So, back to this glass of mine, this glass of identity. In the trans community’s fight to use the bathroom in which they feel safest, we are demanding that trans people are allowed to define their own glass– their own identity. We must extend that same courtesy to people with disabilities, who get to decide for themselves if their disability is good, bad, or neutral. We must allow bisexual people to define their sexual orientation however they wish, not insist they express it in terms of heterosexuality and homosexuality. And we must stop forcing our own definitions onto others and when people tell us who they are, we believe them.

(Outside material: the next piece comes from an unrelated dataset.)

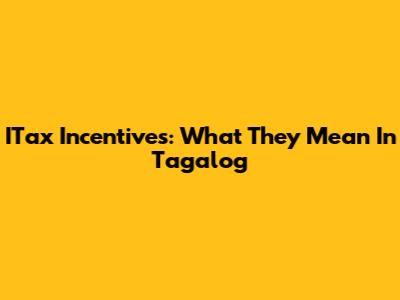 ITax Incentives: What They Mean In Tagalog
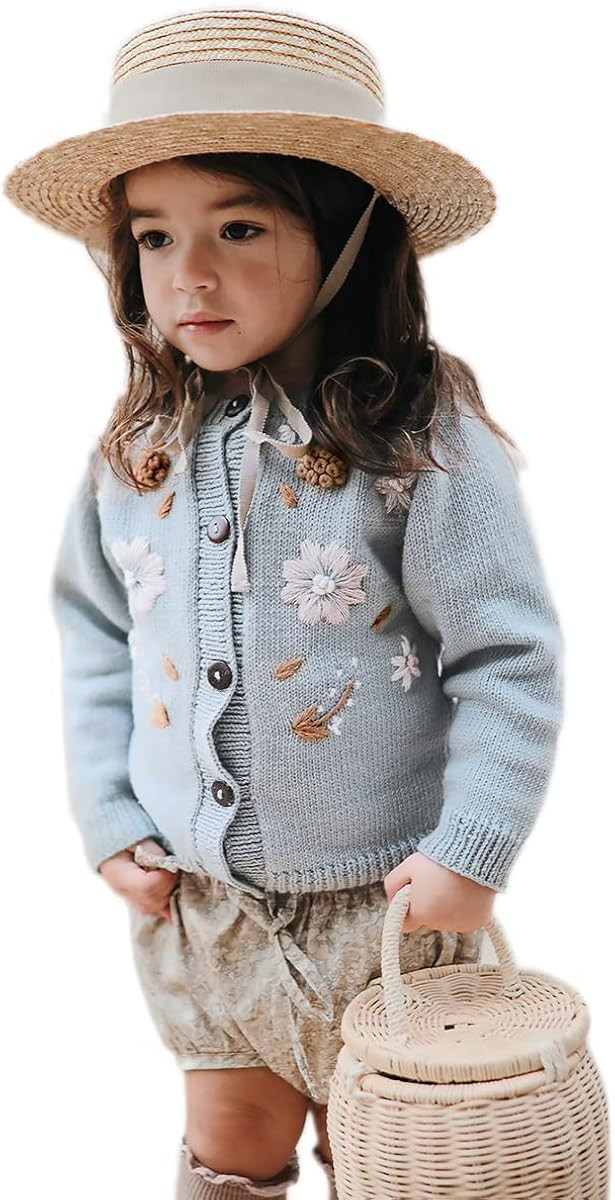 Simplee kids Baby Girl Thin Sweater Solid White Pink Cardigans for Toddler 0-3Years | Amazon (US)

Public Speaking “Adventures”

I was honored to be asked to speak at San Diego Pride’s Spirit of Stonewall Rally, which launches our city’s Pride celebrations. My mission was to come up with something true about both the Bi+ community and people with disabilities, distilled down into three minutes. For anyone curious, that’s less than 400 words. I found it incredibly difficult to accomplish this and in rising to the challenge, I learned useful things about my speech writing and public speaking process. (I’ll post the speech text in a subsequent post.)

While waiting to speak, the MC of the event — a member of San Diego Pride’s Board of Directors — invaded my personal space, touched me without my permission and made it clear he is bisexual. It is my hope that the last fact was uttered to find common ground with me, not as a sexual overture. The visuals of the entire event has been preserved for posterity.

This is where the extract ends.